Metamorfoses na avaliação em educação física: da formação inicial à prática pedagógica escolar

A estruturação da prática pedagógica em Educação Física caracteriza-se como um processo dinâmico permeado por intensas transformações, especificamente as metamorfoses nas práticas avaliativas. Elas se iniciam com as pré-concepções incorporadas ou vivenciadas nas experiências em relação à avaliação nos ensinos fundamental e médio. Com a entrada no curso de formação inicial, o indivíduo experimenta um processo de modelação pelo contato com os conteúdos e discussões desenvolvidas nas diversas disciplinas curriculares, modificando ou consolidando suas concepções iniciais.

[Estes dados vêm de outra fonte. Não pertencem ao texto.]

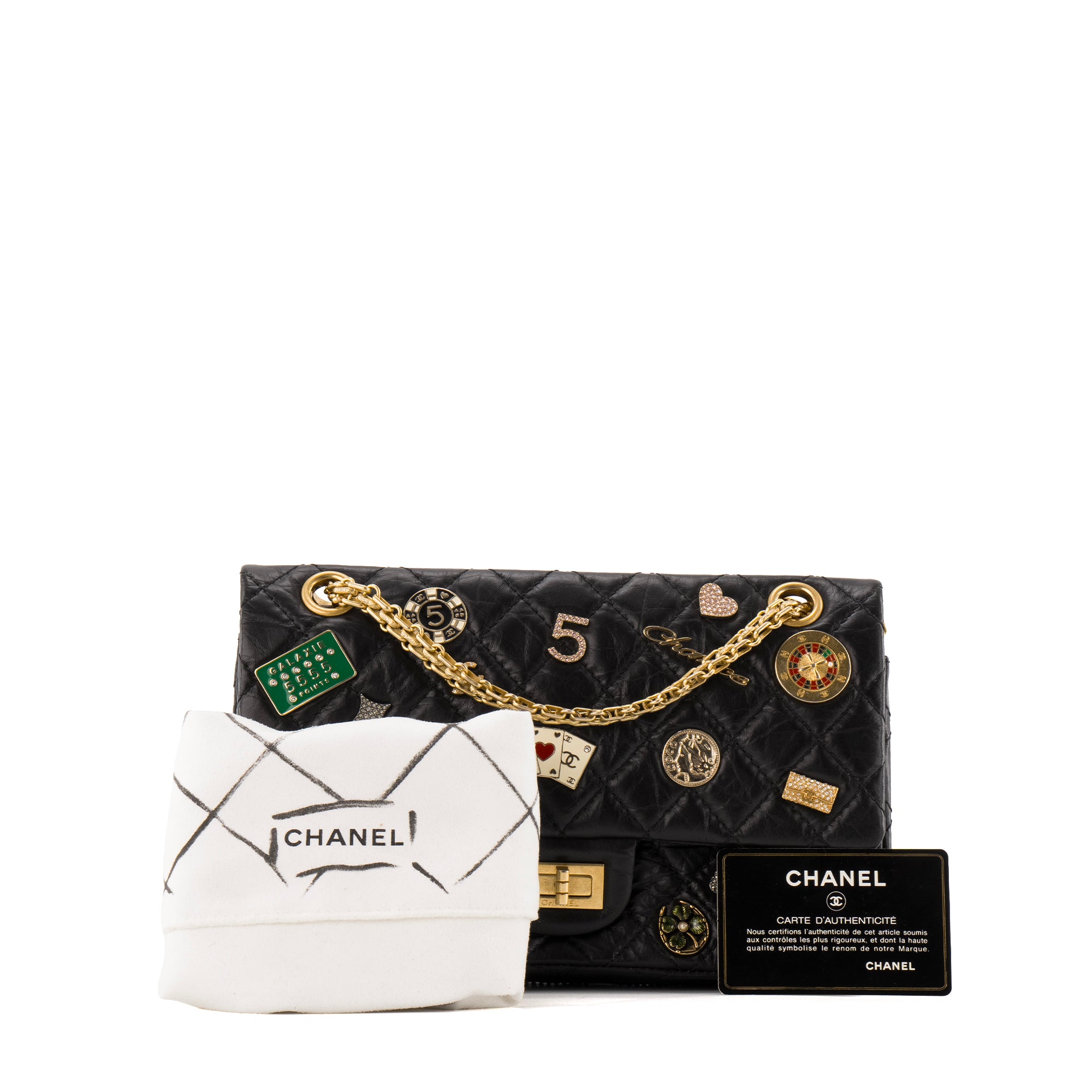 CHANEL - Sac à bandoulière 2.55 Casino Lucky Charms Chanel en cuir froissé noir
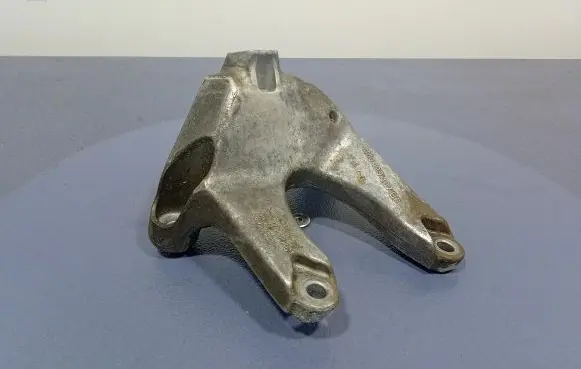 Engine mount vacuum valve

O ingresso no mercado de trabalho e o impacto com a cultura docente já instalada geram adaptações na sua prática pedagógica, especialmente no processo de avaliação da aprendizagem. Nessa perspectiva, esta investigação analisou o processo de estruturação das práticas avaliativas implementadas na Educação Física escolar pelos egressos do curso de Educação Física da UNIOESTE. Para tanto, utilizou-se a metodologia descritiva-interpretativa com abordagem qualitativa dos dados. Os participantes consistiram de professores egressos, docentes formadores e estudantes formandos do curso de Educação Física da UNIOESTE. O instrumento utilizado na coleta dos dados consistiu de entrevista semi-estruturada, com questões abertas. Em relação às experiências advindas dos ensinos fundamental e médio, verificou-se que os docentes formadores e os professores egressos vivenciaram com maior ênfase a avaliação de desempenho físico e técnico, já os estudantes formandos experimentaram mais a avaliação voltada à participação nas aulas práticas. No que se refere ao período de formação inicial em Educação Física, percebeu-se que a maioria vivenciou avaliações que privilegiavam identificar a quantidade e o grau de retenção dos conhecimentos teóricos assim como avaliações do desempenho técnico e físico. Na análise das características das práticas avaliativas implementadas na Educação Física escolar, identificou-se que os professores egressos enfatizavam a análise da participação nas aulas, utilizando a observação, com o objetivo principal de estimular o envolvimento dos alunos com as atividades propostas. Neste sentido, observou-se o fraco impacto da formação inicial no processo de estruturação das práticas avaliativas, já que a experiência profissional advinda da realidade educacional foi mais significativa na consolidação das concepções de avaliação.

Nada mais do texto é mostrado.